3. Joins & Aggregate (Count in 'Research'):

SELECT COUNT(E.Emp_ID) 
FROM Employee E JOIN Department D ON E.Dept_ID = D.Dept_ID 
WHERE D.DName = 'Research';

(Accept subquery logic: SELECT COUNT(*) FROM Employee WHERE Dept_ID = (SELECT Dept_ID FROM Department WHERE DName = 'Research');)

4. Views (High_Earners):

CREATE VIEW High_Earners AS 
SELECT EName, Salary 
FROM Employee 
WHERE Salary > 85000;

5. Update (Increase salary in 'Mumbai'):

UPDATE Employee 
SET Salary = Salary + (Salary * 0.10) 
WHERE Dept_ID IN (SELECT Dept_ID FROM Department WHERE Location = 'Mumbai');

b) Pitfalls, Functional Dependencies, and Normalization (5M)
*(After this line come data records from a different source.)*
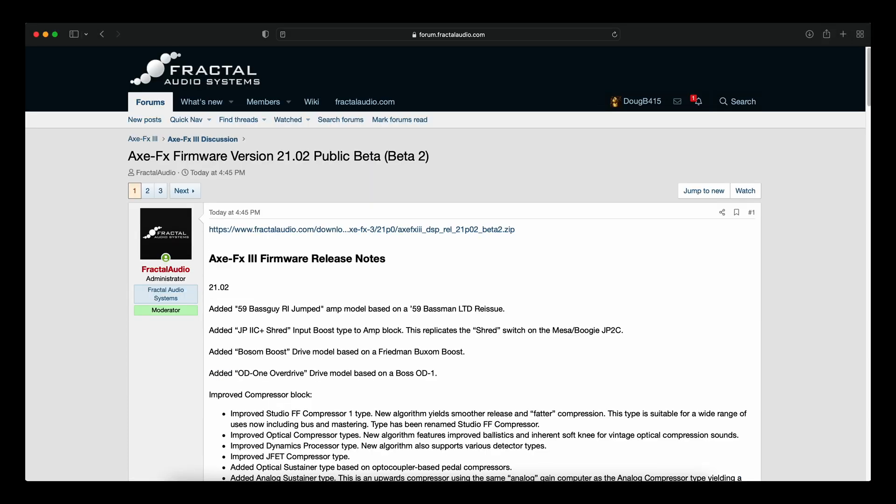Now I'm going to assume that since this came out Friday, literally after work hours, that there will be a new version of Axe Edit 3 for this on Monday. You know, you can use the current Axe Edit 3, but I don't know that you're going to be able to access all of this stuff in it. You'll be able to do that from the front panel though.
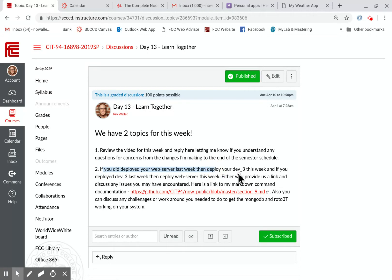The second thing I want you to do is have the experience of deploying to Heroku. If you did the web server with Andrew last week, then this week do your Dev 3, and vice versa — if you did Dev 3, then do the web server this week. Either way, give me the link to the one you've done for this week. I'm pretty sure we'll deploy the API to Heroku as well.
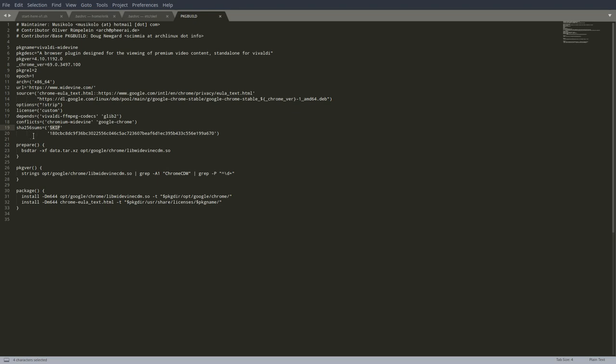So yeah, the third solution might be the better solution, the best solution, the easiest solution. Just write the word skip between these quotes, and then your build just works. All right. Cheers.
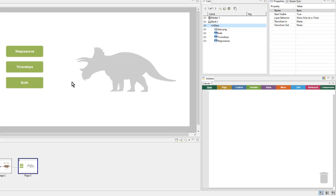Instead we're going to do something a little bit more efficient. We're going to create new layers. These layers will contain all the objects that I want to show, and then I can simply show or hide the layer rather than all the objects individually.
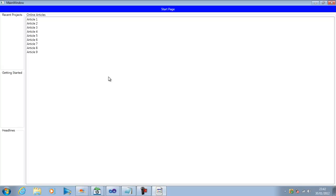So you see using the grid control we can design our layout which is very flexible and in the next video we will see a few more options.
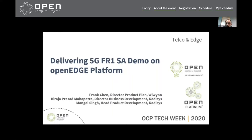I will talk about the architecture of the 5G SA demo that we're currently working on — the open edge-based EP100, that's the Wiwynn EP100 edge platform. There is an interactive etherpad underneath, so you can leave your messages or questions there.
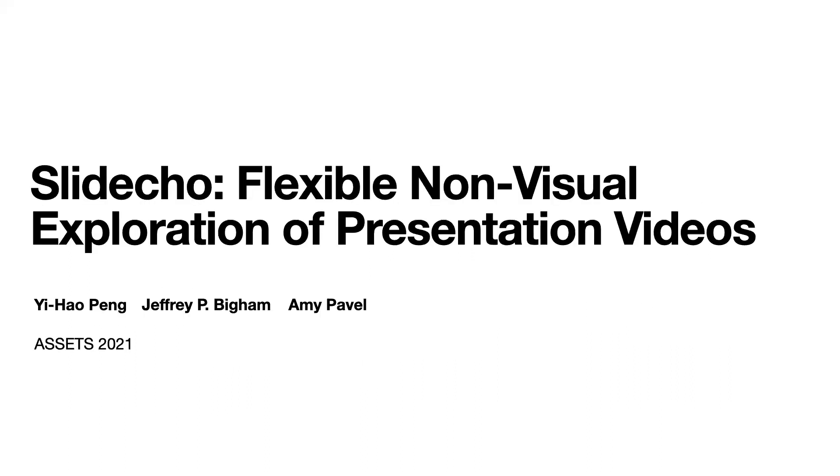With that, I would like to end my talk and I would like to thank my collaborators and mentors, Jeffrey Bigham and Amy Pavel. Thank you.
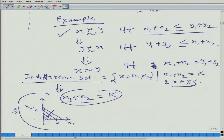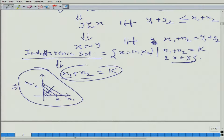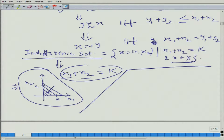Now we have learned about indifference curve and indifference map. Let me ask you: can we have, for an individual, can his two indifference curves intersect each other?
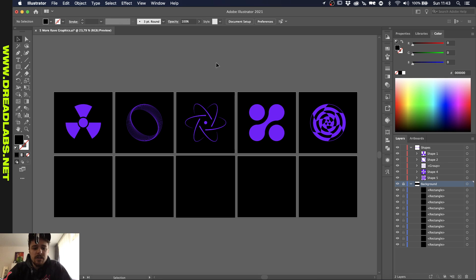I created these several shapes here and I'm just going to guide you through the process of creating these. Let's just get started.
  • Pitfalls (1.5 Marks): Bad relational design leads to redundancy, spurious tuples, and anomalies (Insertion, Deletion, and Modification anomalies).
  • Functional Dependency & Lossless Decomposition (1.5 Marks):
    • FD (X → Y): Attributes Y are functionally dependent on X if the value of X uniquely determines the value of Y.
    • Lossless Decomposition: Breaking a table into two or more tables such that joining them back (using Natural Join) yields the exact original data without losing records or creating fake (spurious) records.
  • Normal Forms (2 Marks):
    • 1NF: Addresses pitfalls by ensuring all domain values are atomic (no multivalued attributes).
    • 2NF: Addresses pitfalls by removing partial dependencies (non-key attributes must depend on the entire primary key).
    • 3NF: Addresses pitfalls by removing transitive dependencies (non-key attributes must not depend on other non-key attributes).